La cooperazione decentrata sembra rappresentare un’opportunità di crescita per gli enti locali italiani e per quelli degli altri Paesi ma non è ancora accessibile a tutti. “Nonostante le possibilità messe a disposizione dall’Aics, sono pochi i comuni che hanno personale, uffici e risorse da dedicare a queste aree d’intervento e il rischio è che non ci siano le competenze per raccogliere lo stimolo offerto dalla riforma”, riflette Taraborelli di Scaip. E forse ancora non ci sono state sufficienti occasioni di coinvolgimento di nuovi soggetti, di chi non ha esperienza ma potrebbe invece avere interesse a proporsi. “Sarebbe necessario che l’Aics conducesse un’azione più decisa per offrire la possibilità ai comuni di attrezzarsi e cogliere queste opportunità”, aggiunge Ragonesi dell’Anci. Ma le risorse, nonostante la legge 125, restano limitate.
Lo sa bene Giorgio Garelli, responsabile del settore Attività di cooperazione allo sviluppo della Regione Piemonte, un soggetto attivo in questo campo dagli anni Novanta. Operando in particolare in Africa, ha promosso mille progetti investendo oltre 20 milioni di euro, a cui il territorio ne ha aggiunti altrettanti, e nel 2017 ha ottenuto un finanziamento di circa 750mila euro dal bando Aics per promuovere con la Regione Toscana un progetto dedicato al lavoro giovanile in Burkina Faso, in partenariato con sei comuni piemontesi e toscani ed altrettanti burkinabè. “Dei quattro miliardi di euro che vengono a vario titolo stanziati per la cooperazione allo sviluppo dallo Stato, all’Agenzia ne va il 10% e di questa parte solo 15 milioni in due anni e mezzo vengono investiti per la cooperazione decentrata. Rappresentiamo quindi lo 0,2% del budget della cooperazione internazionale italiana e per poterlo utilizzare incontriamo vincoli che rendono il tutto molto complicato”.

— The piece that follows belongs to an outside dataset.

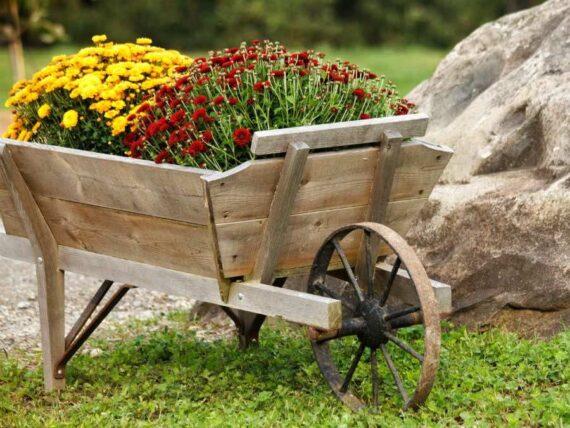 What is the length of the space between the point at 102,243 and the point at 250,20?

I rappresentanti degli enti locali incontrati, però, non hanno intenzione di lasciarsi sfuggire la seconda occasione predisposta dall’Aics. “Questi progetti esaltano il ruolo del comune perché non solo mettono in campo le competenze della macchina amministrativa, tecnica e politica, ma portano con sé visione e approccio culturale allo sviluppo: il comune è l’animatore di politiche che coinvolgono il territorio -sottolinea Massimo Porzi, direttore di Felcos Umbria-. La cooperazione decentrata permette alle istituzioni che sono più vicine ai cittadini di scambiare esperienze e di essere protagoniste di processi di sviluppo concreto”.